Co istotne, ustawodawca nie wskazuje godzin, w których przerwy mają być wykorzystywane, pozostawiając to w gestii podwładnej i firmy. Jednocześnie regulacje różnicują sytuację kobiet w zależności od czasu pracy: przy zatrudnieniu krótszym niż cztery godziny dziennie przerwa nie przysługuje, przy pracy do sześciu godzin – należy się tylko jedna, a powyżej sześciu – dwie pauzy.

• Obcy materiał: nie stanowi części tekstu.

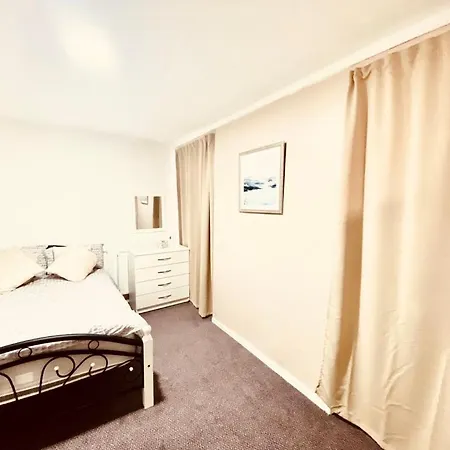 Spacious One Bedroom Edgeware Road Central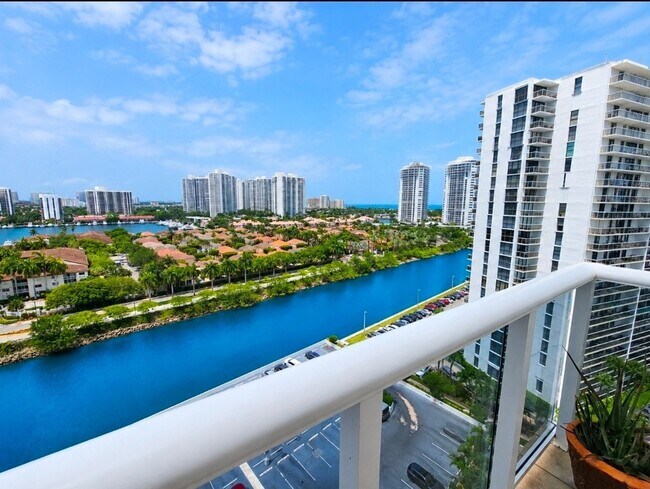 Foto del edificio - 3675 N Country Club Dr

Prawo do przerw na karmienie piersią bez ograniczeń wieku dziecka
Największe kontrowersje wzbudza to, czego w przepisach nie ma. Art. 187 Kodeksu pracy nie określa bowiem maksymalnego okresu korzystania z przerw na karmienie ani nie wiąże tego prawa z wiekiem dziecka. Wystarczające jest oświadczenie pracownicy – nie musi ona nawet przedstawić zaświadczenia lekarskiego.
Z jednej strony Państwowa Inspekcja Pracy stoi na stanowisku, że pracodawca nie ma podstaw prawnych do żądania od pracownicy dodatkowych dokumentów potwierdzających karmienie. Z drugiej, część praktyków prawa wskazuje, że skoro to pracownica korzysta z uprawnienia, to na niej spoczywa ciężar udowodnienia karmienia. Wygodne wydaje się doprecyzowanie tego wewnętrznie, jednak art. 9 § 2 k.p. uniemożliwia wprowadzanie w układach zbiorowych pracy i porozumieniach zbiorowych oraz regulaminach i statutach postanowień mniej korzystnych dla pracowników niż przepisy Kodeksu pracy oraz innych ustaw i aktów wykonawczych.
Przez tę niespójność i obostrzenia ochrona rodzicielstwa dosięga niedorzecznych przypadków, w których przerwy na karmienie przysługują nawet matce nastolatka. Pracodawca nie może odmówić udzielenia przerw na zasadzie widzimisię, ponieważ wtedy naraża się na grzywnę w wysokości nawet kilkudziesięciu tysięcy złotych.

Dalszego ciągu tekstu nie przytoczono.